TASK OBJECTIVE: Leave the pictures out, and repeat exactly every line from the one with "2½-Zimmer-Wohnung, hell, gemütlich, ideal" through the end of the data below.

Crawled caption data:
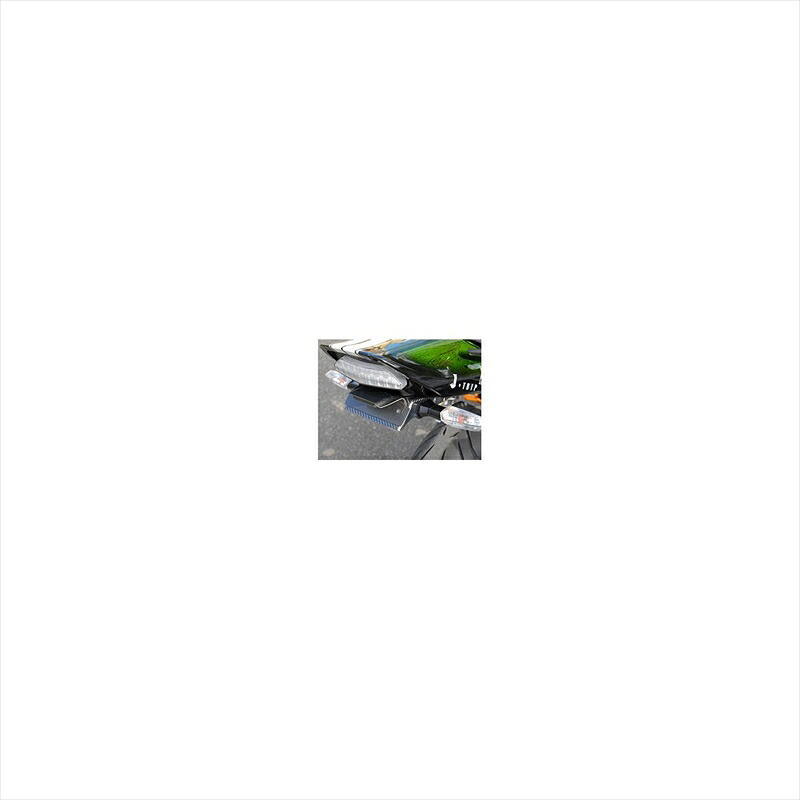 バイクパーツ 外装 マジカルレーシング フェンダーレスキット/綾織りカーボン 001-ZRX129-910A 4548916575909 ZRX1200DAEG 09-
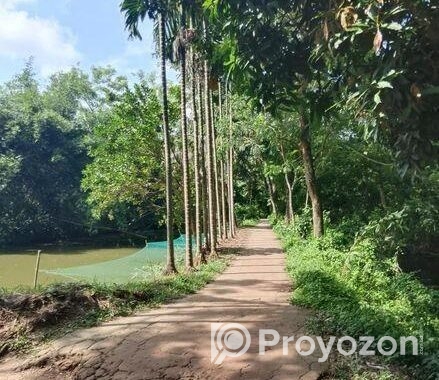 5 কাঠা বাঘা জমি বিক্রি হবে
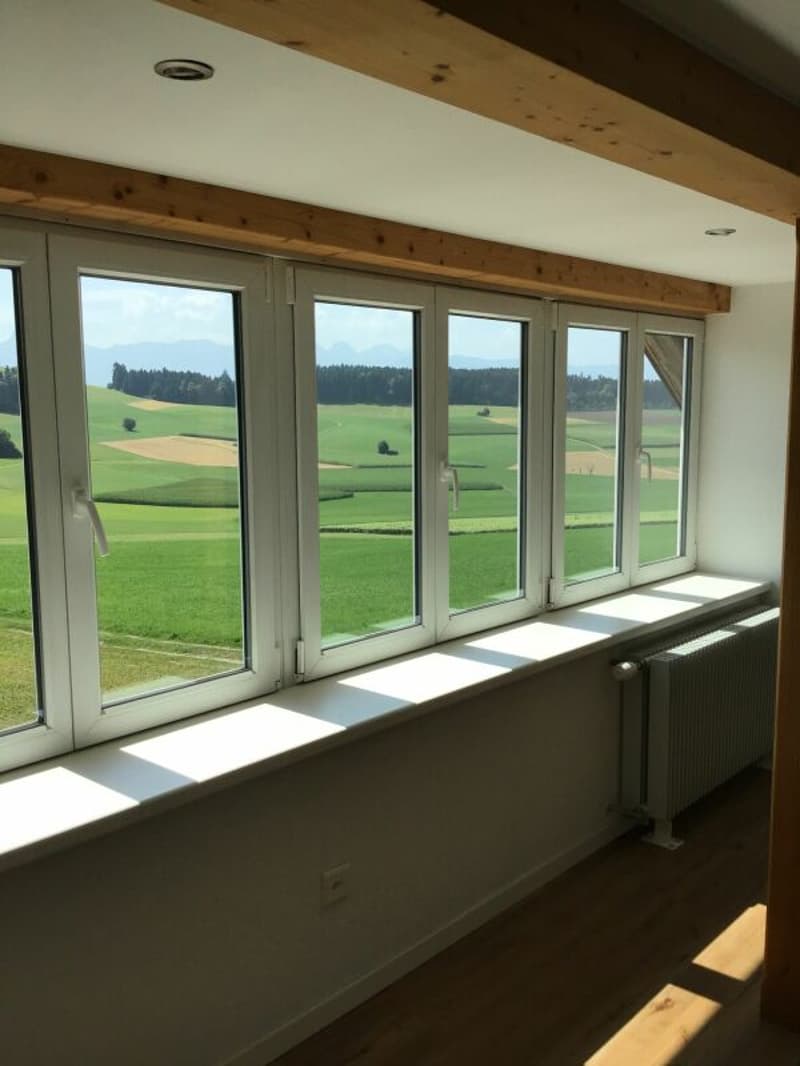2½-Zimmer-Wohnung, hell, gemütlich, ideal für Single (3)
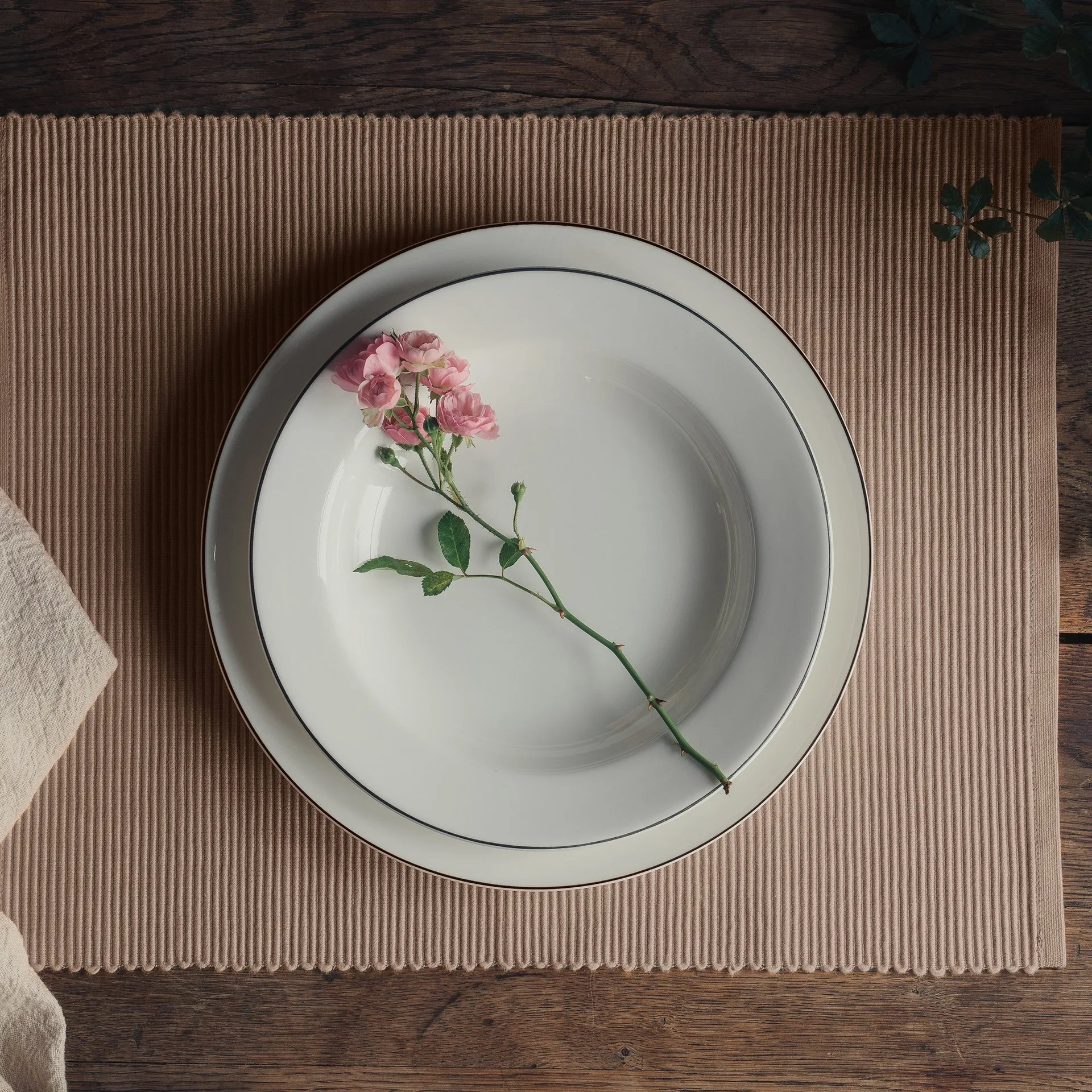 Lot de 2 sets de table Uni 35x46 cm, Brun taupe Linum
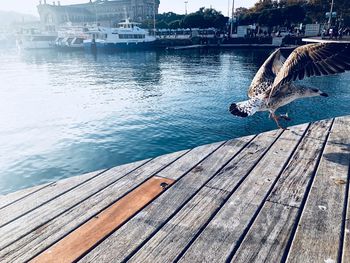 Low section of pier over lake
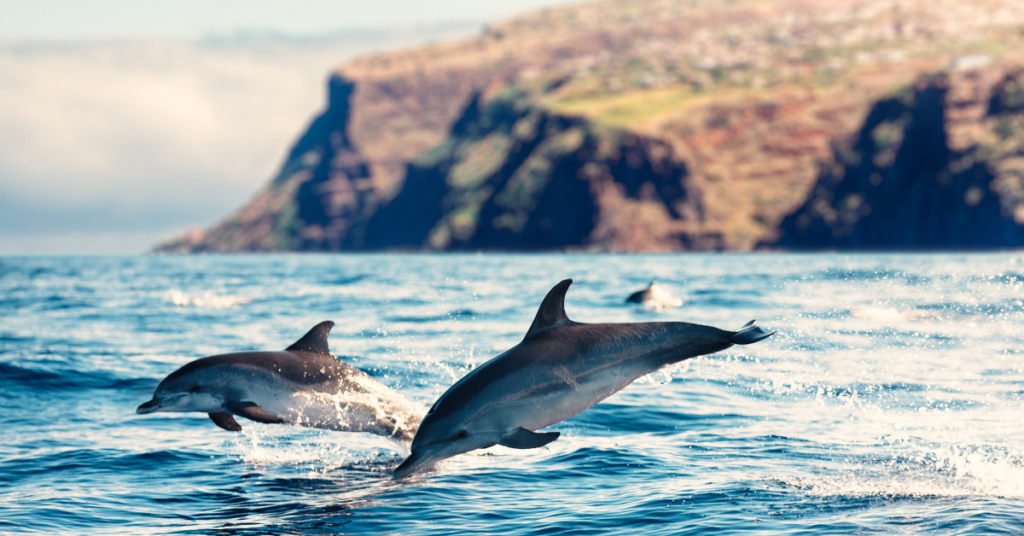 Pozorování delfínů a velryb na výletní lodi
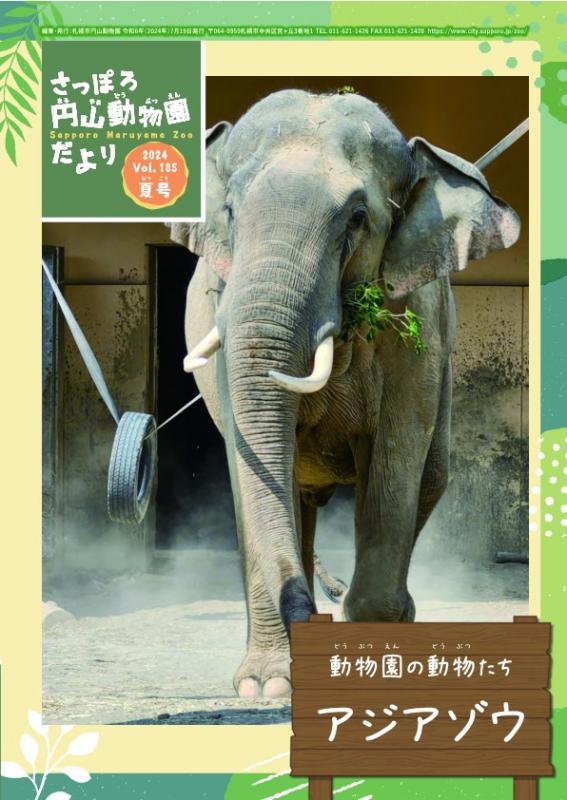 夏号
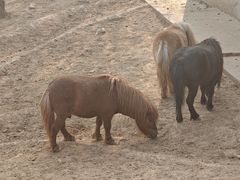 -石家庄市动物园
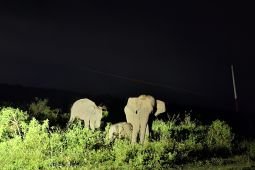 Menikmati potret keharmonisan dari Way Kambas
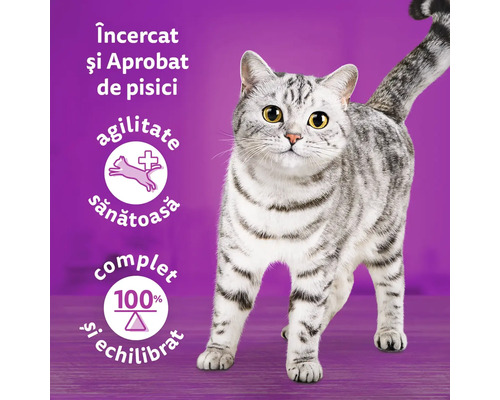 Pisică cu simbolul pentru agilitate sănătoasă și nutriție echilibrată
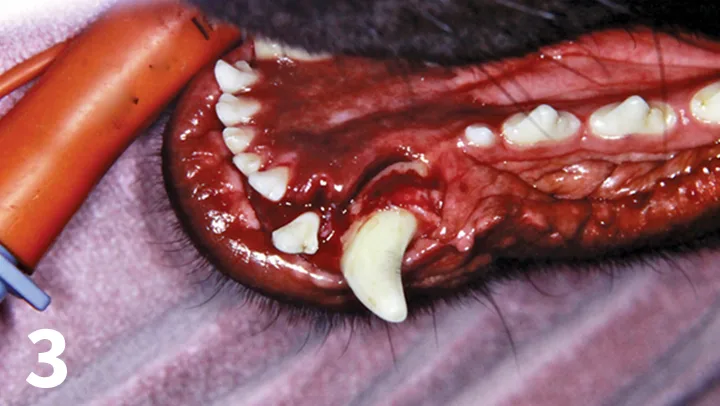 An upper right canine tooth of a dog showing displacement of the tooth and soft tissue damage.
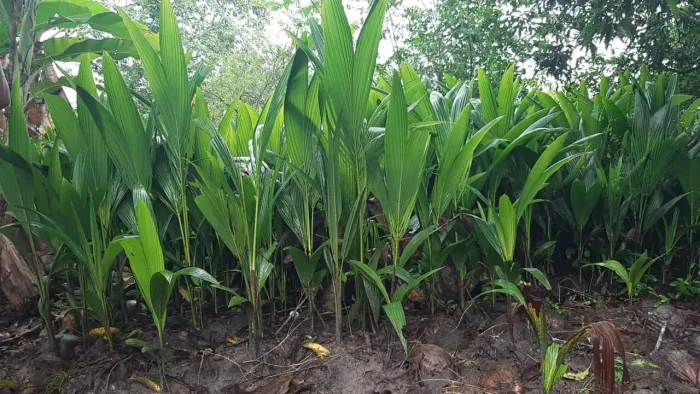 Mudas de coco anão prontas para plantio!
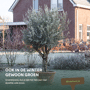 Oude olijfboom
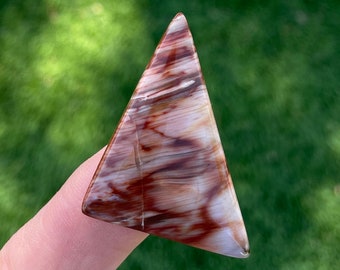 Video, Petrified Wood Cabochon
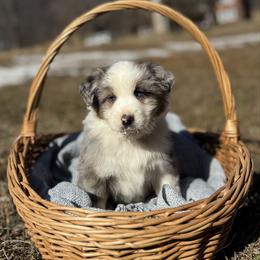 Blue Merle Male 1 - Blue merle male Miniature Australian Shepherd puppy in Stuart, Virginia from Apple Tree Mini Aussies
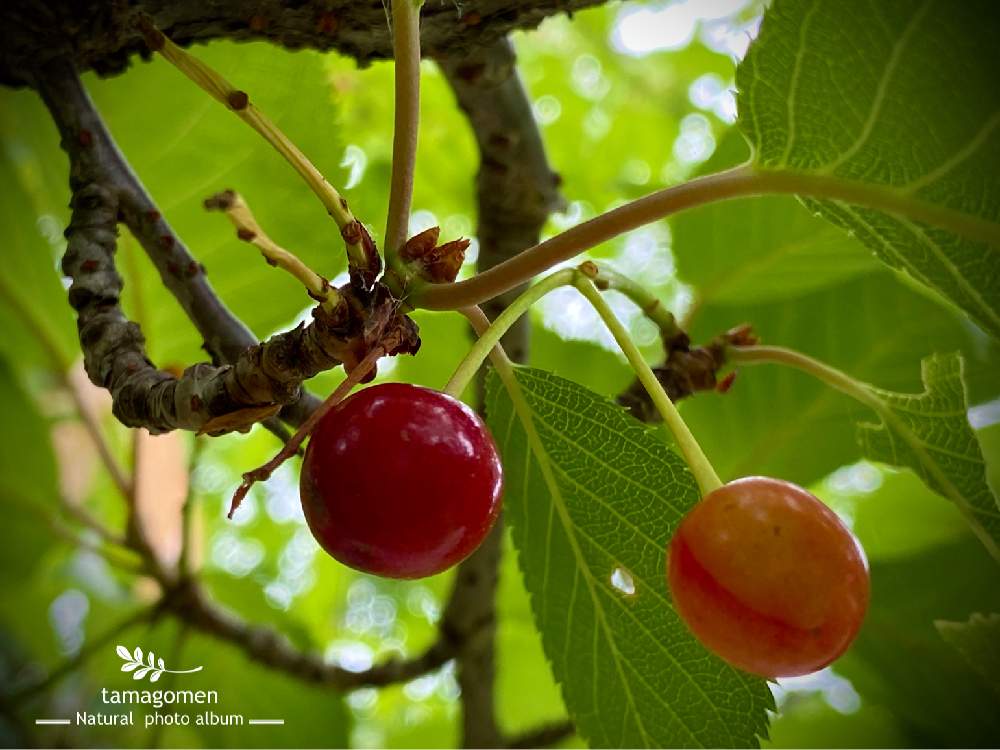 の画像 by tamagomen. nara.1964さん | 植物観察日記と気温16℃とiPhone11ProMaxと桜の実*と佐保川散策と桜の紅い実と奈良県奈良市と晴れ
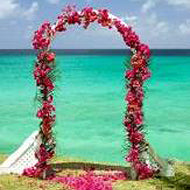 Bougainvillea Arch - Shoreside - Barbados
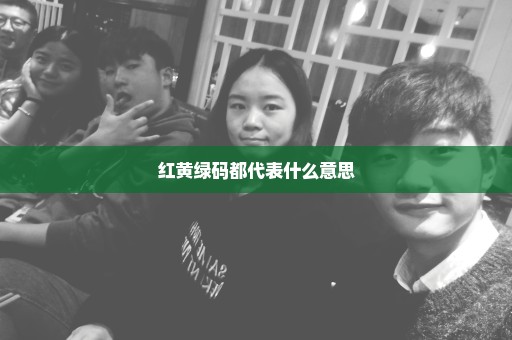 红黄绿码都代表什么意思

RESULT OF THE TASK:
2½-Zimmer-Wohnung, hell, gemütlich, ideal für Single (3)
 Lot de 2 sets de table Uni 35x46 cm, Brun taupe Linum
 Low section of pier over lake
 Pozorování delfínů a velryb na výletní lodi
 夏号
 -石家庄市动物园
 Menikmati potret keharmonisan dari Way Kambas
 Pisică cu simbolul pentru agilitate sănătoasă și nutriție echilibrată
 An upper right canine tooth of a dog showing displacement of the tooth and soft tissue damage.
 Mudas de coco anão prontas para plantio!
 Oude olijfboom
 Video, Petrified Wood Cabochon
 Blue Merle Male 1 - Blue merle male Miniature Australian Shepherd puppy in Stuart, Virginia from Apple Tree Mini Aussies
 の画像 by tamagomen. nara.1964さん | 植物観察日記と気温16℃とiPhone11ProMaxと桜の実*と佐保川散策と桜の紅い実と奈良県奈良市と晴れ
 Bougainvillea Arch - Shoreside - Barbados
 红黄绿码都代表什么意思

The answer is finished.